Directions for this task:
Range to repeat from the listing below: the line containing "Hela 95 procent" down to the line containing "Hotel O Om Pushp", both included. Copy it exactly, pictures excluded, and add nothing else.

Data for this task:
* * * * *

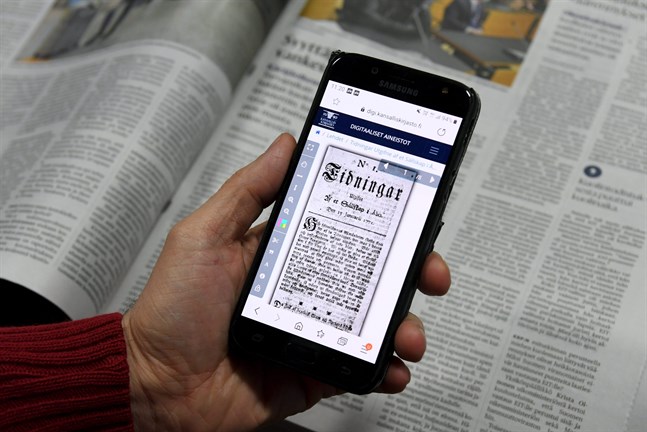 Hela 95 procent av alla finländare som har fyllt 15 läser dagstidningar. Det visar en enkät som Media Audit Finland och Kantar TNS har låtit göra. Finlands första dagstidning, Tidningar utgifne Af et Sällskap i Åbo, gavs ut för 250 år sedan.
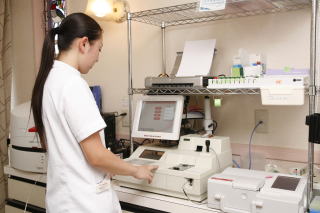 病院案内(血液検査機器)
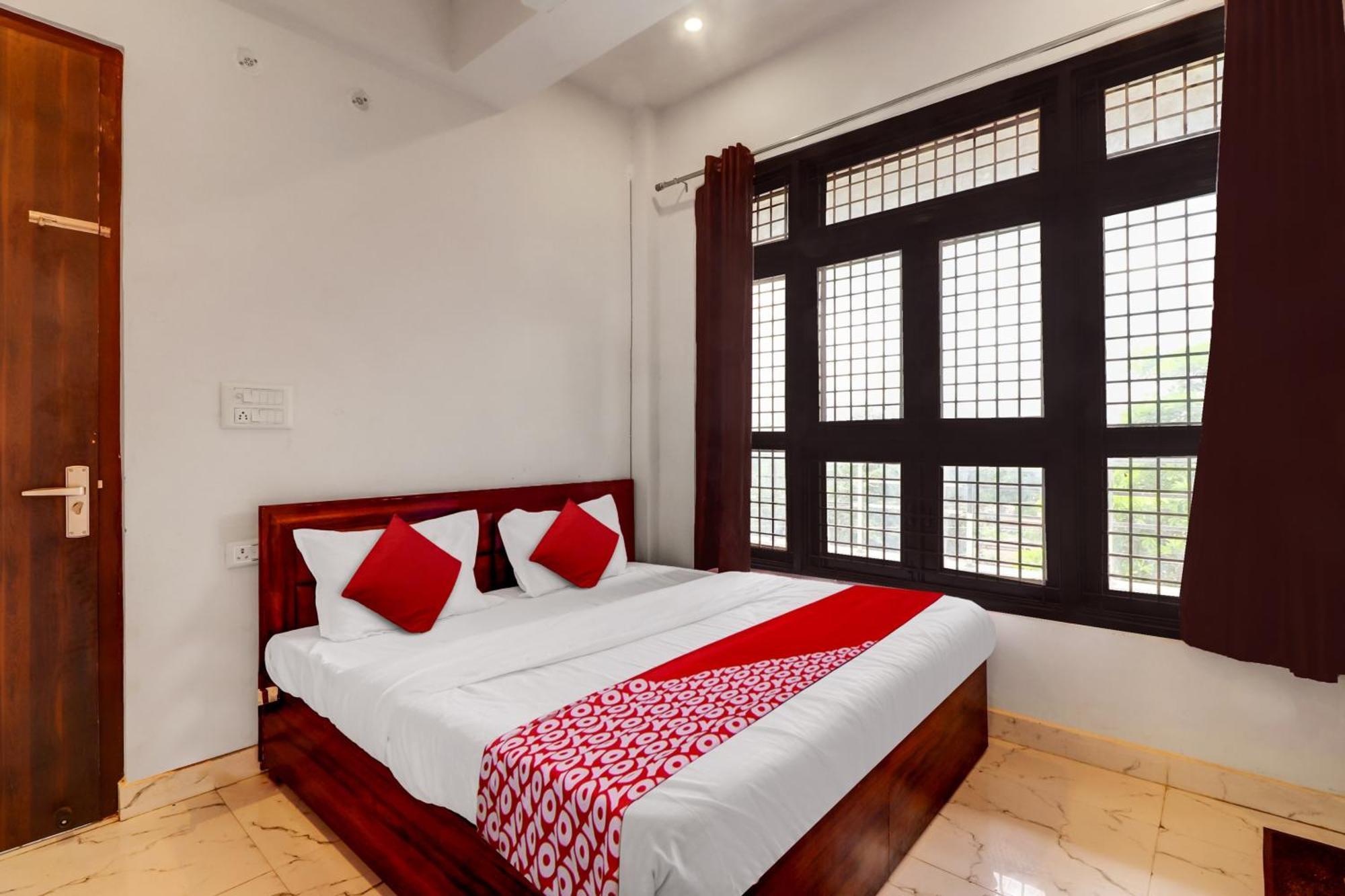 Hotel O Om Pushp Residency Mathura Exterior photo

* * * * *

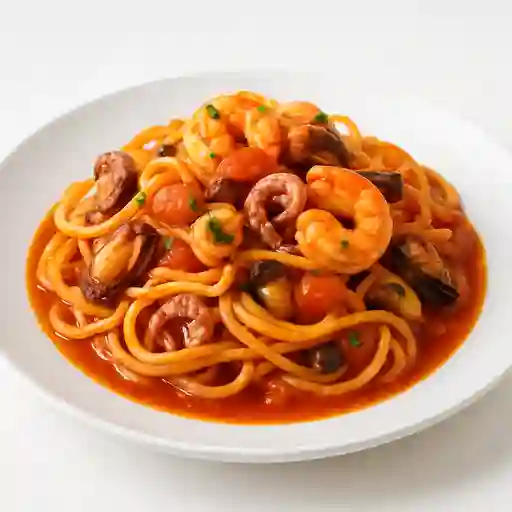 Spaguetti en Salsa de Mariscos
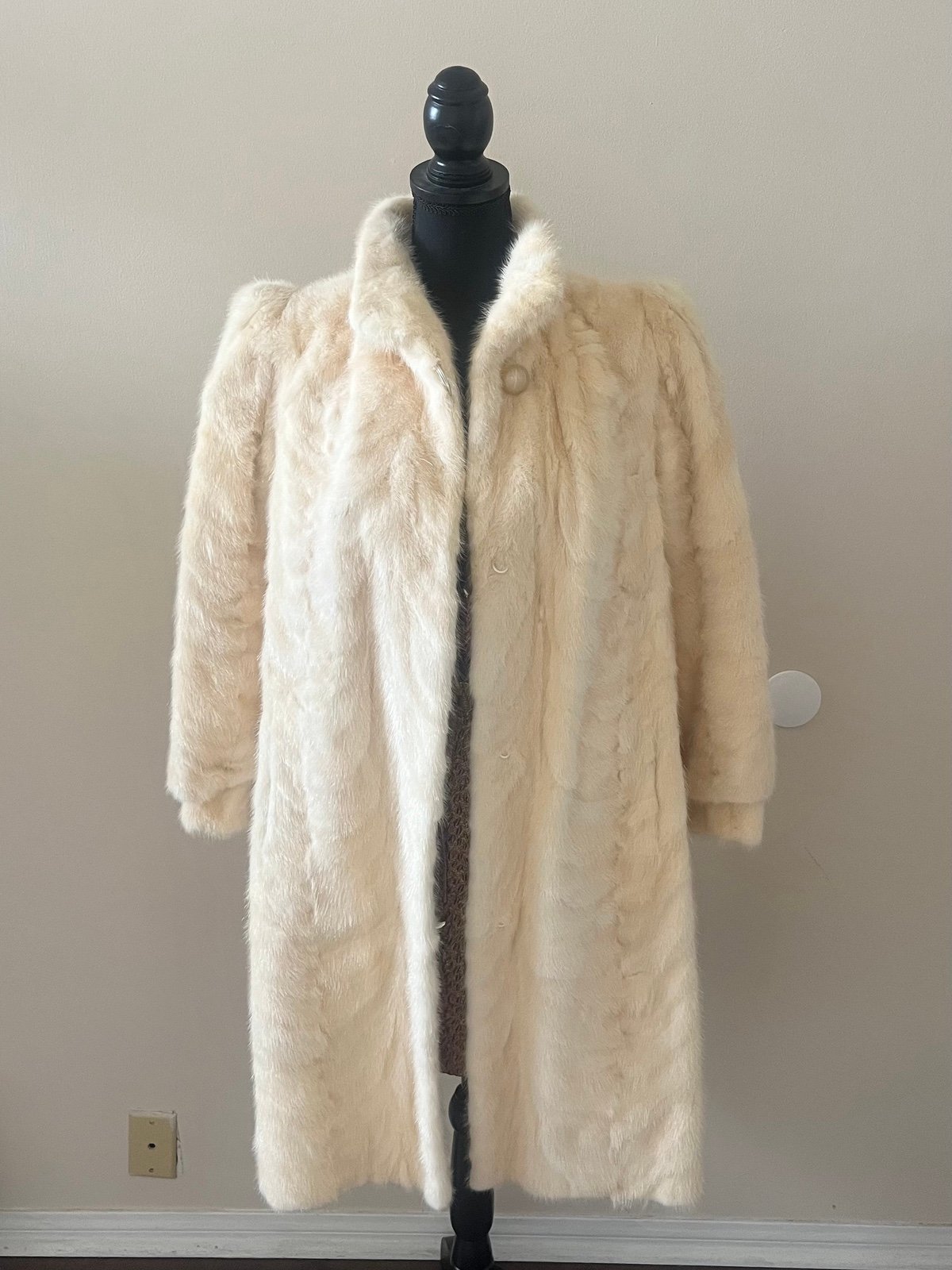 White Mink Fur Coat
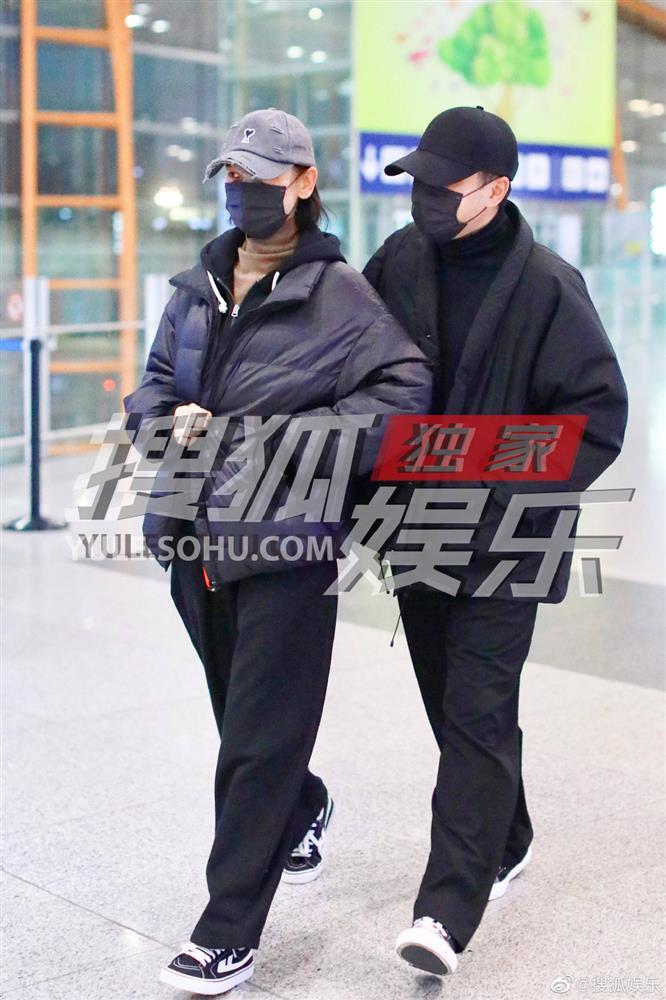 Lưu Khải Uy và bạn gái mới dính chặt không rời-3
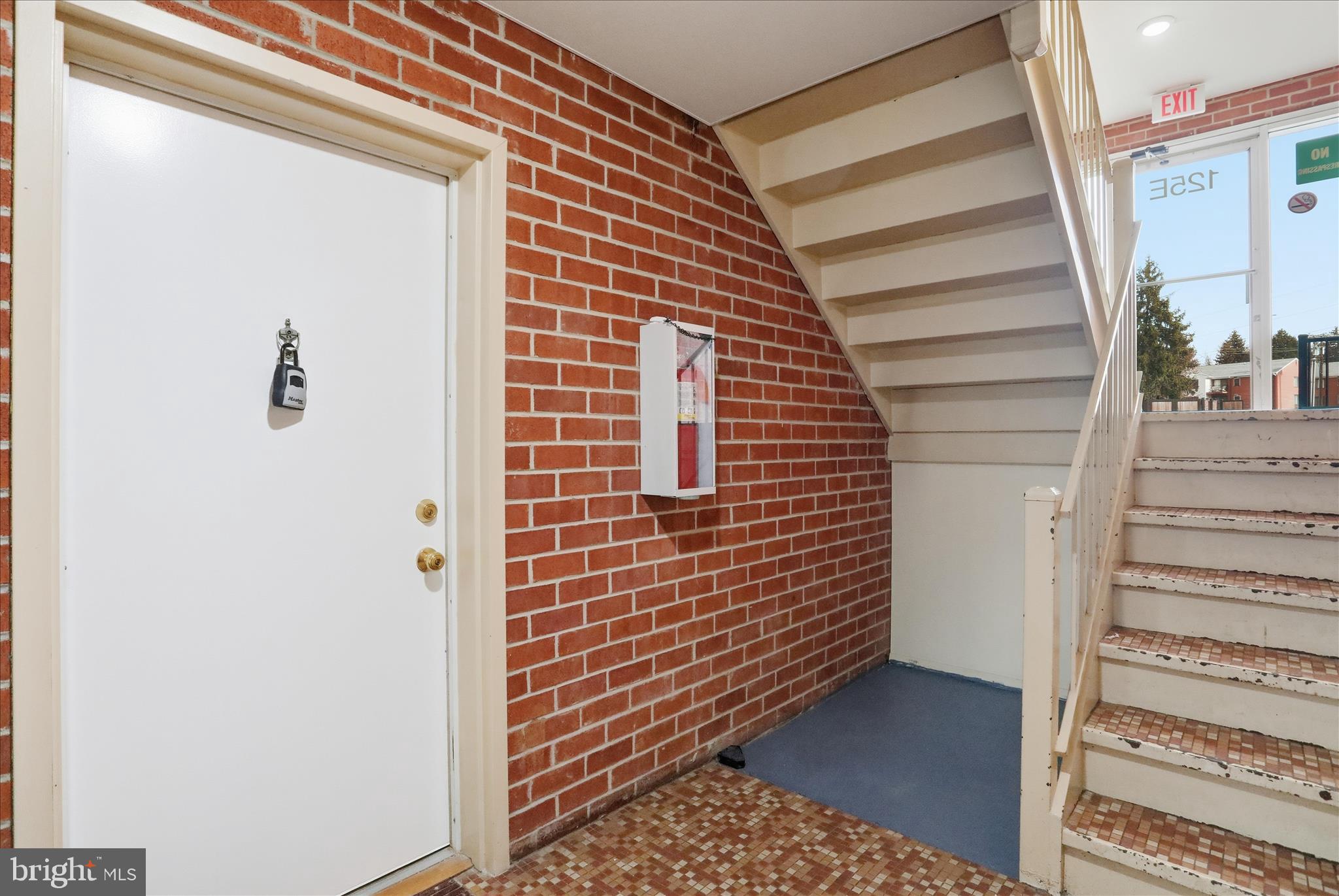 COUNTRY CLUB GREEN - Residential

* * * * *

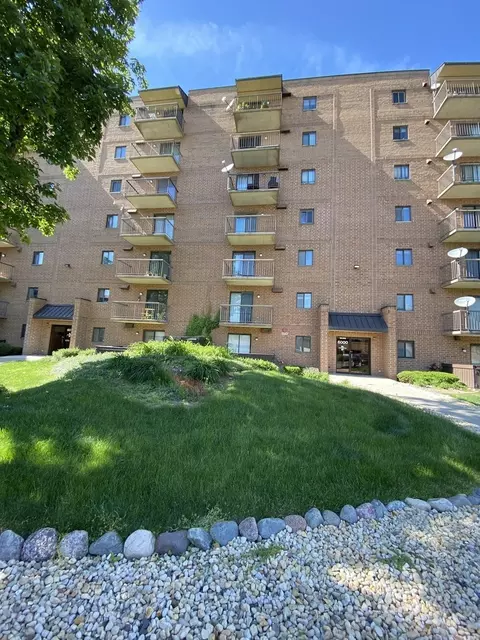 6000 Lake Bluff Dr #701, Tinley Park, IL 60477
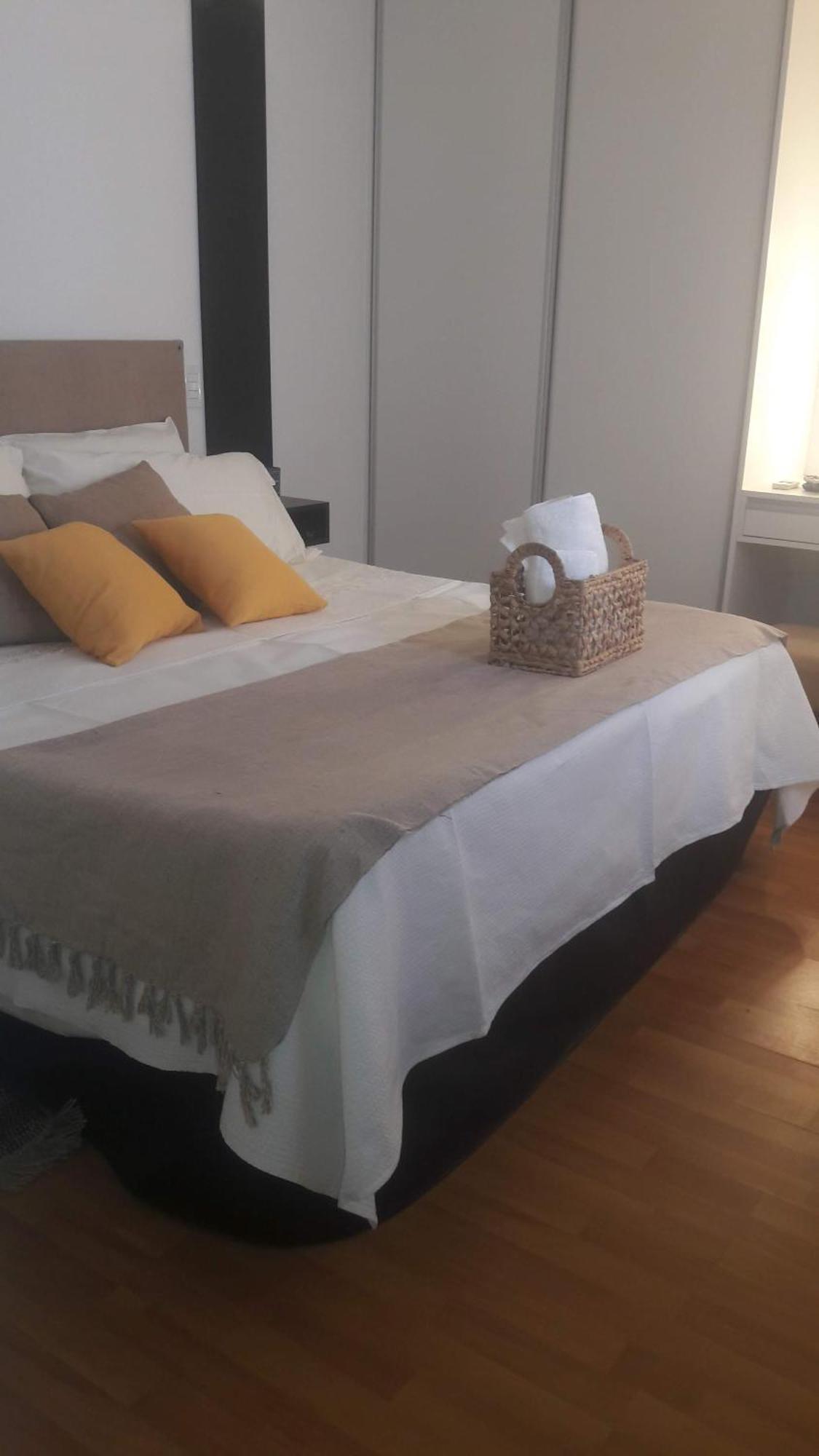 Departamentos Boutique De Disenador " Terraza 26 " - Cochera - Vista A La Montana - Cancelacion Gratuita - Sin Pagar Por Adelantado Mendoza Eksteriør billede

* * * * *

Solution for this task:
 Hela 95 procent av alla finländare som har fyllt 15 läser dagstidningar. Det visar en enkät som Media Audit Finland och Kantar TNS har låtit göra. Finlands första dagstidning, Tidningar utgifne Af et Sällskap i Åbo, gavs ut för 250 år sedan.
 病院案内(血液検査機器)
 Hotel O Om Pushp Residency Mathura Exterior photo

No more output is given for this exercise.